Ansiklopedi Britannica, kararlı iyon için bir Bohr diyagramının, çekirdeğin merkeze yerleştirildiği ve elektronların çekirdeği ayrık enerji kantusuna göre yörüngesinde yuvarladığı bir diyagram olduğunu açıklar. Atom şemaları için kararlılık problemi, Bohr tarafından nicelenmiş kabuklarda elektronların yörüngesine sahip olmasıyla çözüldü.
20. yüzyılın başlarında, atomun yapısını belirlemek için deneyler yapıldı. Rutherford'un deneyleri, J. J. Thomson tarafından önerilen önceki "erik pudingi" modelinin yanlış olduğunu gösterdi. Bu deney, alfa parçacıklarını (helyum çekirdeği) ince bir altın folyo tabakasına çekmeyi içeriyordu. Erik pudingi modeli doğru olsaydı, bu partiküllerin altın folyo tabakasından geçmesi gerekirdi. Bununla birlikte, alfa parçacıkları altın folyodan geri sıçradı ve bir atomun pozitif yükünün hepsinin atomun merkezinde küçük bir çekirdeğe yoğunlaşması gerektiğini gösterdi.
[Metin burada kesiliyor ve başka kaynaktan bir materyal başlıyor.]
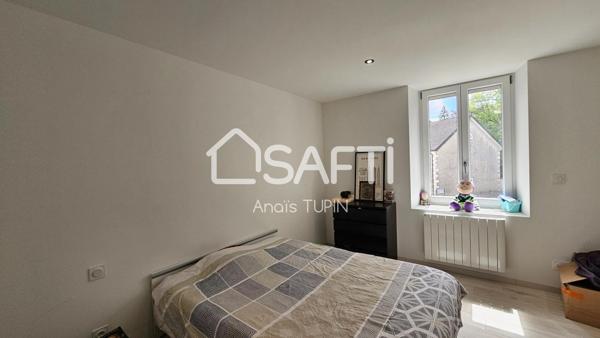 maison mitoyenne en plein centre ville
Ancak, Rutherford'un ilk modeli, yalnızca klasik fizik kullanılarak değerlendirilirse dengesizdi. Klasik fizikte, yörüngedeki elektronların sürekli enerji vermesi gerekirdi. Sonunda, elektronlar çekirdeğe çarpacakları kadar çok enerji kaybederlerdi. Bunun yerine, Bohr, kuantum etkileri nedeniyle elektronların yalnızca belirli enerji seviyelerine ve yörüngelere sahip olabileceği teorisini verdi.